Gov. Rick Scott unlikely to agree to another review of state’s Stand Your Ground law
Guns don’t kill people, bad public policy does
Published: July 24, 2013
But what Scott seems unlikely to agree to is a renewed examination of the statute now that we know it encourages angry men to run with their guts and guns into a caustic situation that could likely end in the “self-defense” of murder. You know, call a special session and see if cooler heads could prevail in a hotheaded bicameral state legislature, just for the sake of looking like he gives a damn. Nope. Instead, Scott formally issued a statement on Friday calling for a day of prayer, because Jesus will fix this. Inaction now!
“I believe Stand Your Ground should stay in the books,” he told the protesters Thursday night, according to the Tampa Bay Times. “I agree with you, we should not have racial profiling.”
Which isn’t exactly true. Late last month, Scott seemed practically elated with the U.S. Supreme Court ruling that gutted the preclearance portion of the Voting Rights Act. Just three weeks after that decision, Scott’s administration worked to have a Tampa case challenging the state’s notorious racially charged voter purge of 2012 dismissed based on that decision, even as a congressional task force is drafting new provisions for preclearance as allowed by the Supreme Court ruling.

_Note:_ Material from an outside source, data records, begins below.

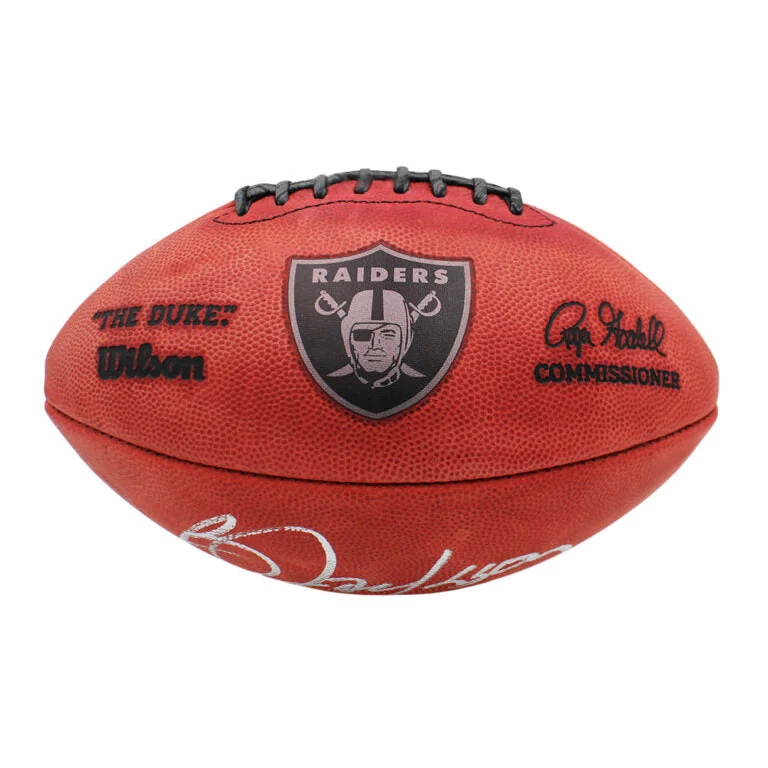 Bo Jackson Signed Raiders Wilson Duke Metallic NFL Football | Authentic Sports Collectible | vintageantiquesgifts.com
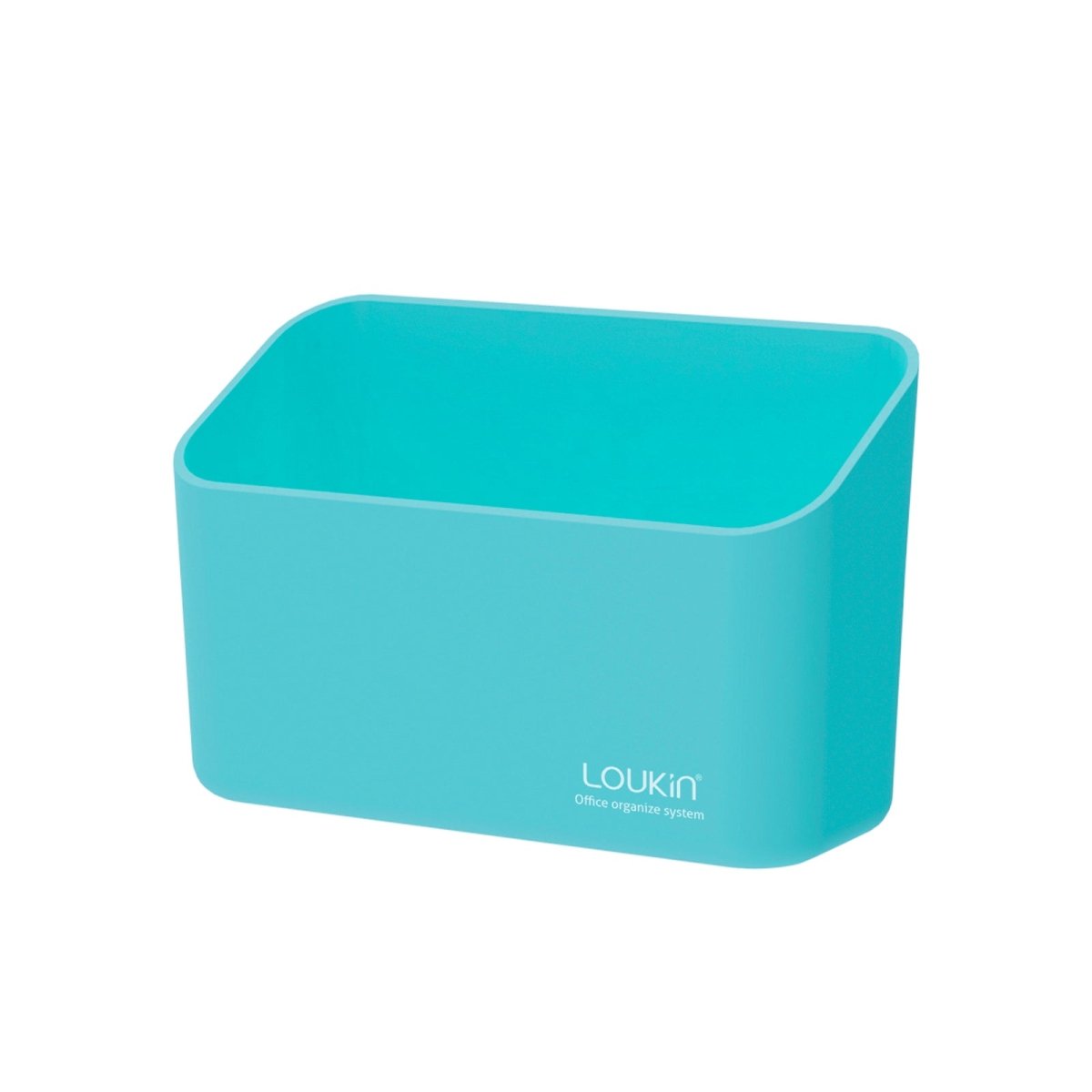 loukin W4102 MarkerHolderSmall main product shot in sky blue (or teal). The image displays a large, plain blue-green rectangular office organizer bin with gently rounded corners, featuring the "loukin Office organize system" logo on the front, showcased against a white background.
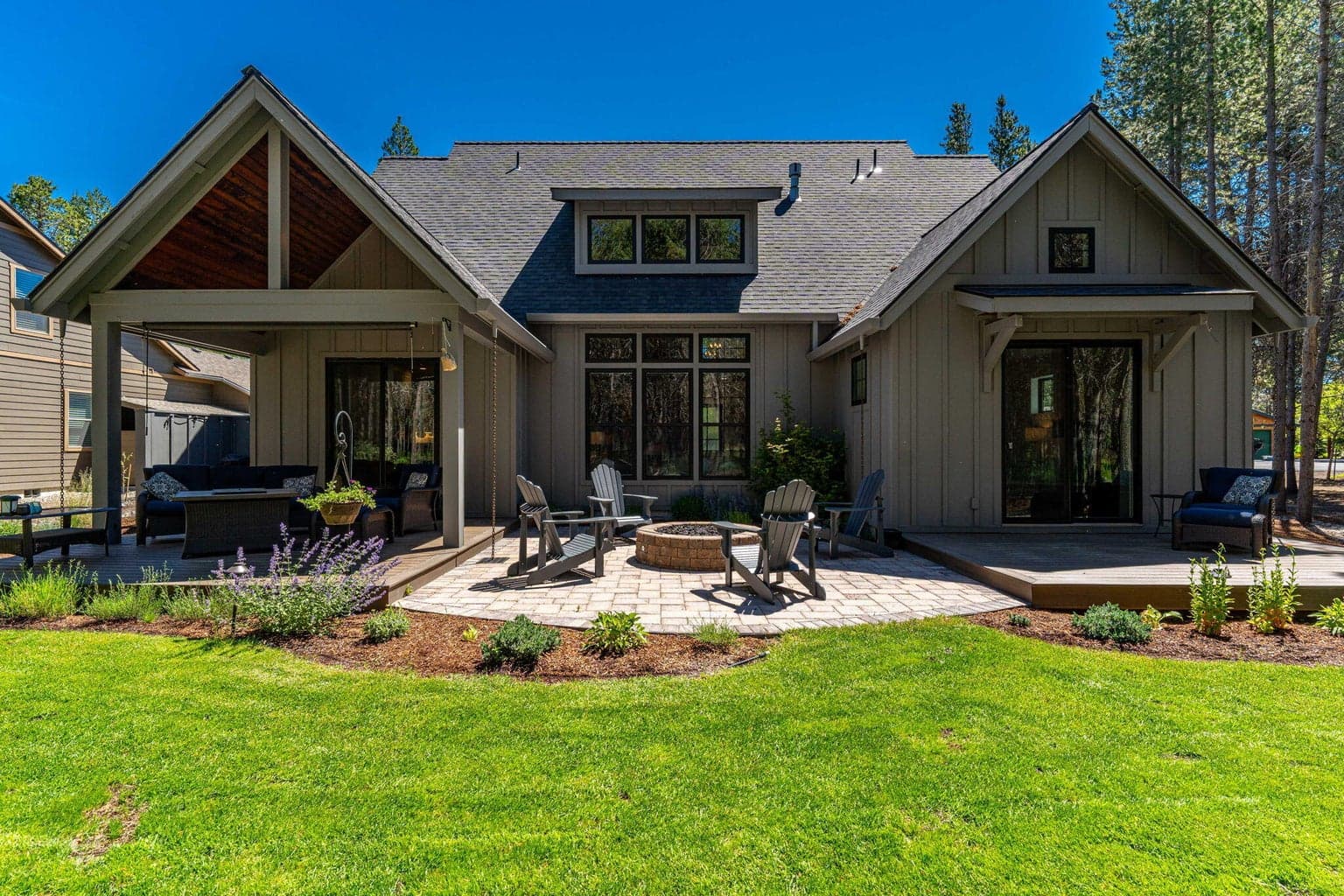 Irrigated landscaping, rear view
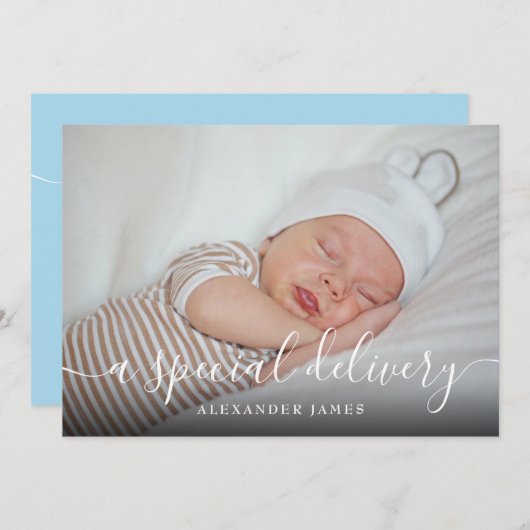 特別な配信スクリプト男の赤ちゃんフォト誕生 案内状 (正面/裏面)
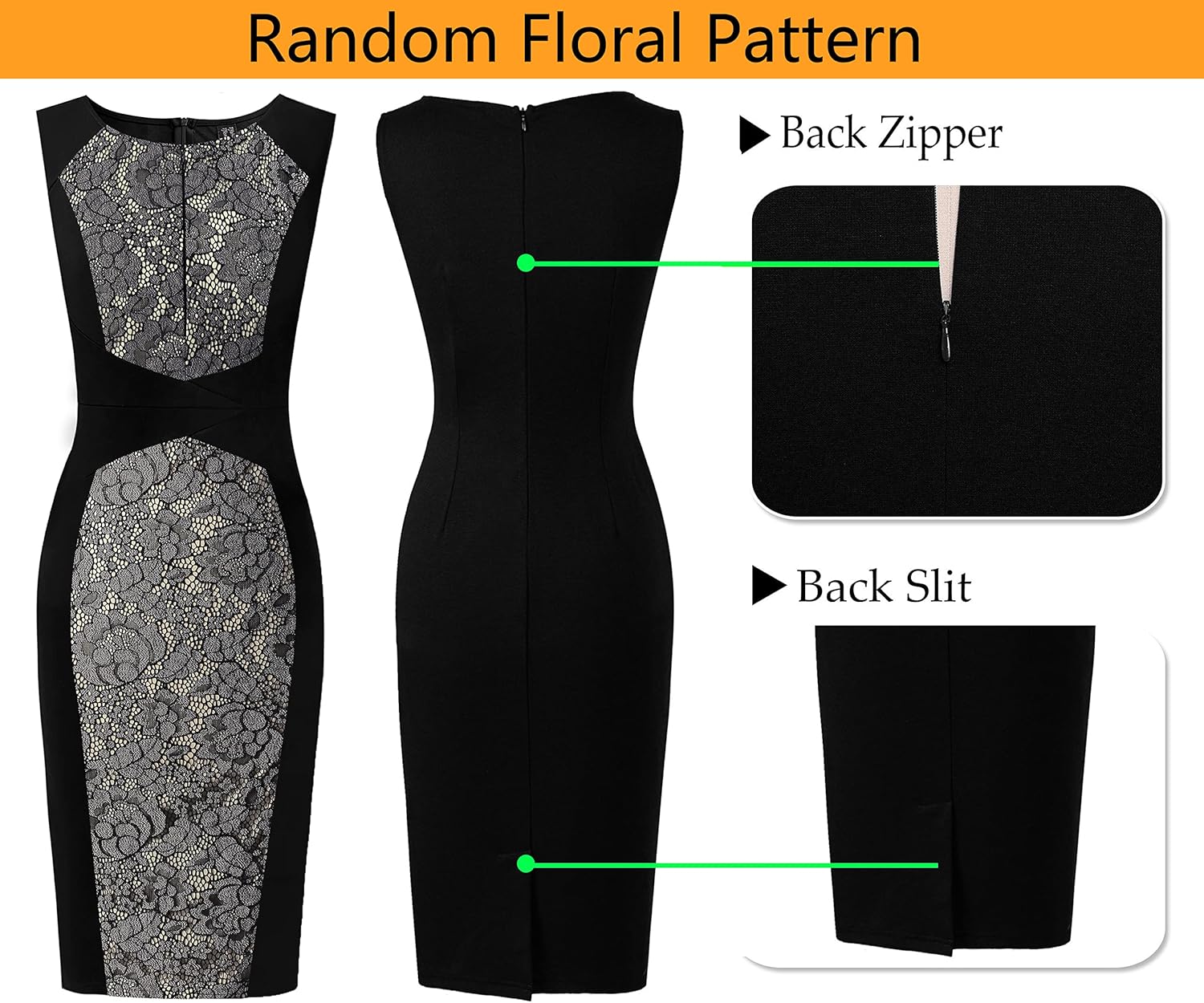 VFSHOW Womens Elegant Slim Front Zipper up Work Business Office Party Sheath Dress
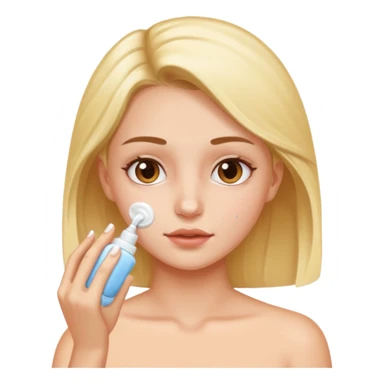 Girl getting lotion shot on face sticker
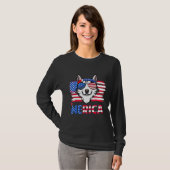 Grappig opknoping met husky mam merica 4 juli t-shirt (Voorkant volledig)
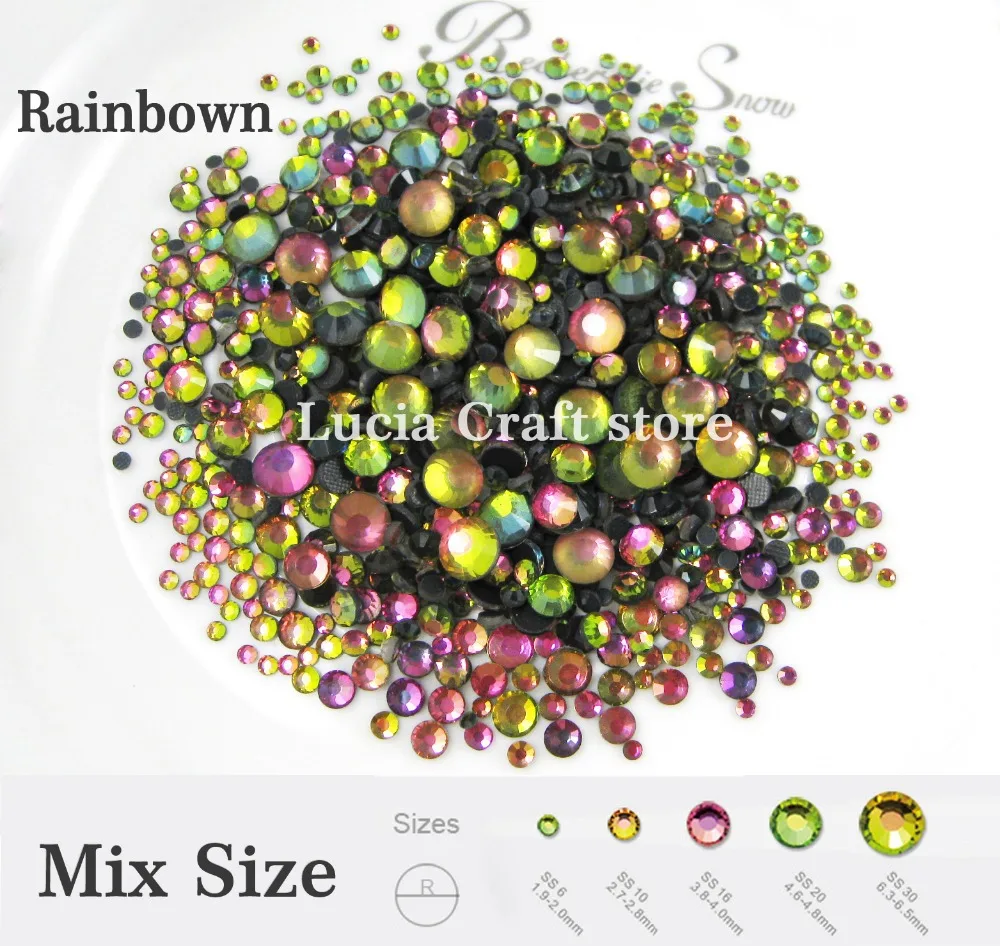 

500pcs/bag Rainbow Color Mixed Sizes Glass Rhinstones Flatback DIY Hot Fix Stones G0103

That racial line connecting the Zimmerman case and the Voting Rights Act wasn’t lost on U.S. Rep. Ted Deutch, D-Boca Raton, who argued before a House Judiciary Committee on Thursday, according to the Palm Beach Post, that perhaps the two issues should be considered in tandem. Because, well, they are political, Governor.
Stand Your Ground laws, he said, “mainly protect white people who shoot a black person. Couldn’t one argue that Stand Your Ground laws and the use of such laws reflect modern racial bias in state laws and should be considered here in this context as we modernize our preclearance for (the) Voting Rights Act?”
Nope, that would make too much sense.